[Records from a data collection]
────────────────────────────────────────
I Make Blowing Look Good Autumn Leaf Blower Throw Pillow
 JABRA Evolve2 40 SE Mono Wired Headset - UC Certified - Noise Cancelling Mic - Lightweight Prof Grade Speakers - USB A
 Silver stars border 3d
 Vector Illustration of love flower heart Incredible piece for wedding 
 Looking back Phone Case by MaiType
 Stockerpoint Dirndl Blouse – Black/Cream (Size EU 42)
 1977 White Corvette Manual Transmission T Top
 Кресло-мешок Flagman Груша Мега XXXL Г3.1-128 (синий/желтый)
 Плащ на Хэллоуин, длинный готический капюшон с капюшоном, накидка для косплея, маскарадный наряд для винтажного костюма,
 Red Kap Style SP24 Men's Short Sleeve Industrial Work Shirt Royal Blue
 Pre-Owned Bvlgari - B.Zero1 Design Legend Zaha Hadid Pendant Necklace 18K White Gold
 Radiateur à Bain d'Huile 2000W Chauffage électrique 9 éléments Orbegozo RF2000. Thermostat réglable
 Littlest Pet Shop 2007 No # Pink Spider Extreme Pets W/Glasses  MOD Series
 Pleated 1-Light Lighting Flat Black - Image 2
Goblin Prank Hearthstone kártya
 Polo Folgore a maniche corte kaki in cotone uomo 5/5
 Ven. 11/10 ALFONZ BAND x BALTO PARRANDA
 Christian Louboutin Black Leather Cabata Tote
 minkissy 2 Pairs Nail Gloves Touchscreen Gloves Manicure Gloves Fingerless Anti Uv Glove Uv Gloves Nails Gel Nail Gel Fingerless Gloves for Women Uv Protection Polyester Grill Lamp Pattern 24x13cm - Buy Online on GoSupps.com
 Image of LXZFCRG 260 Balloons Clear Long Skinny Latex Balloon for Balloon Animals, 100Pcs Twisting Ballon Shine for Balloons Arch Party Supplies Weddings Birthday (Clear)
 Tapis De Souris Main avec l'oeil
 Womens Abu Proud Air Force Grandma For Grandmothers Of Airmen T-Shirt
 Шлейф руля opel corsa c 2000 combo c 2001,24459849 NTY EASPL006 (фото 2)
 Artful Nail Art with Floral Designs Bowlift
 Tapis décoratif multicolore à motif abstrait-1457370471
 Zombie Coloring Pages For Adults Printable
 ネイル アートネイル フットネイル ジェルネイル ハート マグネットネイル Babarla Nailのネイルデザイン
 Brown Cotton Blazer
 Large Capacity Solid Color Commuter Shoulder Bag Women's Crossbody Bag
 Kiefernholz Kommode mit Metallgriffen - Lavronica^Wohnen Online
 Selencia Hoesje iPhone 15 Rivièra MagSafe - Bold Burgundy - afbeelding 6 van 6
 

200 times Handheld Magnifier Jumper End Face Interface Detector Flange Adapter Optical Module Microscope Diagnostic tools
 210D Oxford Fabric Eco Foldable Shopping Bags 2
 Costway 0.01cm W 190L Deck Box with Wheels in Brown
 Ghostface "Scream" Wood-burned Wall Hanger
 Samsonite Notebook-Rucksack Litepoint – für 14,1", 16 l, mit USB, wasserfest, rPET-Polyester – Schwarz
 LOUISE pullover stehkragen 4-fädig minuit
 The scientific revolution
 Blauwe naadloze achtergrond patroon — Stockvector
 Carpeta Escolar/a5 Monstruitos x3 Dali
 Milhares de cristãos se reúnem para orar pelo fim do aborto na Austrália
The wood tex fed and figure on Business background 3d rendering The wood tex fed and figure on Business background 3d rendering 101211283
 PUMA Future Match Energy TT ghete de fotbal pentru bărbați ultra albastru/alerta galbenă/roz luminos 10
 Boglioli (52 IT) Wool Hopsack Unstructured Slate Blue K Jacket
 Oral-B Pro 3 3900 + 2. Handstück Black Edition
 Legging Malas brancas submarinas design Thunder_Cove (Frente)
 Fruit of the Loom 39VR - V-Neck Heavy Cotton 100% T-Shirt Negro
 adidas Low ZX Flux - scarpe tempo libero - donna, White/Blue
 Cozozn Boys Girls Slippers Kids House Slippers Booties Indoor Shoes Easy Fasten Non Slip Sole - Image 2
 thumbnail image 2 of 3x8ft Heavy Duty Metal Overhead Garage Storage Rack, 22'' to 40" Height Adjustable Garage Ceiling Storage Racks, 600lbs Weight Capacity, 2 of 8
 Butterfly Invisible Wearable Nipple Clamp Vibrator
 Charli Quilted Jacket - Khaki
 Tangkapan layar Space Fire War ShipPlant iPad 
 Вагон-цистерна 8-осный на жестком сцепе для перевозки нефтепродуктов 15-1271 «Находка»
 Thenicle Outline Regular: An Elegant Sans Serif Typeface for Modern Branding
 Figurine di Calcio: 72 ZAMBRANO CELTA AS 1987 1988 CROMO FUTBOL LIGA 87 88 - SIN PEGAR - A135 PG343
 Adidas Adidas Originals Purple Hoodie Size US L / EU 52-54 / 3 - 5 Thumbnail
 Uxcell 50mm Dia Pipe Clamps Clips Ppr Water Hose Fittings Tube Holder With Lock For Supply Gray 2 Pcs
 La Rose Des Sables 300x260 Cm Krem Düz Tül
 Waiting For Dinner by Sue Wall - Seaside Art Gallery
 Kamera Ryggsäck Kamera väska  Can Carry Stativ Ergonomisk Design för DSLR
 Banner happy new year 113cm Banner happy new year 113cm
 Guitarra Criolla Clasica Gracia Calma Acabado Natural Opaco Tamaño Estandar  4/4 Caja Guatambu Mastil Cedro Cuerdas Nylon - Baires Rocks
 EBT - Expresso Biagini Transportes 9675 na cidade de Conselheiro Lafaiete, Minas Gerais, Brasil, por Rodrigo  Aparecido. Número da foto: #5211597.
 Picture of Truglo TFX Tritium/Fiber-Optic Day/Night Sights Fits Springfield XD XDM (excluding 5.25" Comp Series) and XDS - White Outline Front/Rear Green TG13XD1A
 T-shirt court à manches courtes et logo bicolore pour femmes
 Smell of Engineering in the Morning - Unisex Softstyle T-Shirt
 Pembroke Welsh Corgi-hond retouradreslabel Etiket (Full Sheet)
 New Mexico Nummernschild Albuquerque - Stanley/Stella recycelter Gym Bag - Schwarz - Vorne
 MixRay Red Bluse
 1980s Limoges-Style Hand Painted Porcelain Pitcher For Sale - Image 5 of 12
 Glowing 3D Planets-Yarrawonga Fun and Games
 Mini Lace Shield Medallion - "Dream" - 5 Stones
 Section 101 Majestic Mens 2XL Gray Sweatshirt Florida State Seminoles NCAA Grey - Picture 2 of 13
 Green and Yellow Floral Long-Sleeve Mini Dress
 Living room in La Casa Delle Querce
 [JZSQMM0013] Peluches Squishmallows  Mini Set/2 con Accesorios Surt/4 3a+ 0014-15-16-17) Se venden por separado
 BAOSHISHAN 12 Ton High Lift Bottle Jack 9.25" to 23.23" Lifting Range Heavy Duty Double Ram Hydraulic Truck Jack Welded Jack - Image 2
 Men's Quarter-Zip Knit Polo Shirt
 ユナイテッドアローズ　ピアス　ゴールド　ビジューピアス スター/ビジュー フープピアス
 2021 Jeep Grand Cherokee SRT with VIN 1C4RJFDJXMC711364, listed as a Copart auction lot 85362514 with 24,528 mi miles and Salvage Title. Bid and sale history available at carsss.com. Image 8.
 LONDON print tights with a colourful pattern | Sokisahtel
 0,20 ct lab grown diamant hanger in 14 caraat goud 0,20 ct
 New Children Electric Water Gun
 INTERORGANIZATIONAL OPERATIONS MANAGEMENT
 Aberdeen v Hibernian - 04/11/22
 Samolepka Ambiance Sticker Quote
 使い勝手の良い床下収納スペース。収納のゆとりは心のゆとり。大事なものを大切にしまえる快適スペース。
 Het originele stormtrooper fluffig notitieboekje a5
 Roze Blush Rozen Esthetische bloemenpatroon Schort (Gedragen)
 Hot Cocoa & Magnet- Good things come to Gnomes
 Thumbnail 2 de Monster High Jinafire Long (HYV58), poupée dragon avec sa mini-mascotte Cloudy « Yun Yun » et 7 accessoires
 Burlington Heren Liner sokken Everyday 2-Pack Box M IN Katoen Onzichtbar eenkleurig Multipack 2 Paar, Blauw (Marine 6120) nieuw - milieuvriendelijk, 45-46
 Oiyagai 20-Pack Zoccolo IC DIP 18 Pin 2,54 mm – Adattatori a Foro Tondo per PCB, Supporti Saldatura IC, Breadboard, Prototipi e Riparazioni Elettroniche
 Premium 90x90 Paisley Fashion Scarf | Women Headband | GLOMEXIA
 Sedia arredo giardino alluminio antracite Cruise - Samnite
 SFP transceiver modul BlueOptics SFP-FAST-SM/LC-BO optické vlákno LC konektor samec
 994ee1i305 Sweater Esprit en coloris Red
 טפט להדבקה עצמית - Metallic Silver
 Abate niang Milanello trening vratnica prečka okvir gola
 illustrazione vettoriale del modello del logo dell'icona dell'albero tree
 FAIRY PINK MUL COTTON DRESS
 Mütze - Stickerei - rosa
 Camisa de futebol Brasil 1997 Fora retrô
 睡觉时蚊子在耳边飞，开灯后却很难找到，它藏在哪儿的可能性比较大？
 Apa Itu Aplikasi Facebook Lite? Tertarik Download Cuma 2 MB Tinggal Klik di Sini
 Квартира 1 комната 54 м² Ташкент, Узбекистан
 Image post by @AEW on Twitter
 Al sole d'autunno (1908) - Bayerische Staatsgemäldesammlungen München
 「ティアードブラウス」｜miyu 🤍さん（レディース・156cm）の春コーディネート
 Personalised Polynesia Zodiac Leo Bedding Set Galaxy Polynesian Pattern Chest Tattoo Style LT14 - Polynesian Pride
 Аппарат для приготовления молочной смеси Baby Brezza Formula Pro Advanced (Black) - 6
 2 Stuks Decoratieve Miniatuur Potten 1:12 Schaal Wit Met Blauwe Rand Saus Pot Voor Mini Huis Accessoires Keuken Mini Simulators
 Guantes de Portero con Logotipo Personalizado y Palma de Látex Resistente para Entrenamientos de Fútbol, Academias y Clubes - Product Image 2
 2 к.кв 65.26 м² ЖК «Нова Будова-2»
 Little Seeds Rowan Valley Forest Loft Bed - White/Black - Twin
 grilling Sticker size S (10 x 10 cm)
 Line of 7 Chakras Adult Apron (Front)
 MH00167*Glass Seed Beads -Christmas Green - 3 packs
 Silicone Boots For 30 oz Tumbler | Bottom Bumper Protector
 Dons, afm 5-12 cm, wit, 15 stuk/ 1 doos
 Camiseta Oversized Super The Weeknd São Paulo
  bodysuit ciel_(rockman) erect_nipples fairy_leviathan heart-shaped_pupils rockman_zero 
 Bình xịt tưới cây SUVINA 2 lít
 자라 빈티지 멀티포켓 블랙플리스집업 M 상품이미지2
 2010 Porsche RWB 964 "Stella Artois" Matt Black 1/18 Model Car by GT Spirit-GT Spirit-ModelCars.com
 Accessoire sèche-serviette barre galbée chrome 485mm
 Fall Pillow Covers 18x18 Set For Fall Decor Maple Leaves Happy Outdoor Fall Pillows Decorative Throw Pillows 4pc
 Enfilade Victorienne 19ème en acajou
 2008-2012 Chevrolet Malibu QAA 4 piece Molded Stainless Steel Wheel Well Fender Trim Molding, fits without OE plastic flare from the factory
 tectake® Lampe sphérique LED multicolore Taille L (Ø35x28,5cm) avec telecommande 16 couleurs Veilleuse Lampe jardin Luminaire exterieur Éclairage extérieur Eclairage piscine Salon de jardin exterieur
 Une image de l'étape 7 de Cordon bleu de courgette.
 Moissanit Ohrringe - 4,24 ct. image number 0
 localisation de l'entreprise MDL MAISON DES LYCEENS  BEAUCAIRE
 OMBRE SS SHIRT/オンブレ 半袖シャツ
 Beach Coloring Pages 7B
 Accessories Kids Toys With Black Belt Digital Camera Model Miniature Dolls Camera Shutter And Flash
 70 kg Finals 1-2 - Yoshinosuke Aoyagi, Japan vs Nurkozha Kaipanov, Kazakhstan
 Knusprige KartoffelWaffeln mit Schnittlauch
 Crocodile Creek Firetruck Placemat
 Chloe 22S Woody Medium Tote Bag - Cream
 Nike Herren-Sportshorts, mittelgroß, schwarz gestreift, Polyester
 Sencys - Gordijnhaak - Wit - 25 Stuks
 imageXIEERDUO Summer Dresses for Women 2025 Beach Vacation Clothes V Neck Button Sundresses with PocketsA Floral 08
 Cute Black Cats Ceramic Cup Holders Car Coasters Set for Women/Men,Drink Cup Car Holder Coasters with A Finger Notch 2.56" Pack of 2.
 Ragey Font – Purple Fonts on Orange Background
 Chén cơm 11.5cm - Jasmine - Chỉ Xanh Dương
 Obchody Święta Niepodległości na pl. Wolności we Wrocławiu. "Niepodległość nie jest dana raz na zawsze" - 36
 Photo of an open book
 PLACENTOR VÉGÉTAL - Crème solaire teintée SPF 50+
────────────────────────────────────────
▶ Brief
In the records above, find each line with the word "Brasil" and copy it out.

▶ Answer below
 EBT - Expresso Biagini Transportes 9675 na cidade de Conselheiro Lafaiete, Minas Gerais, Brasil, por Rodrigo  Aparecido. Número da foto: #5211597.
 Camisa de futebol Brasil 1997 Fora retrô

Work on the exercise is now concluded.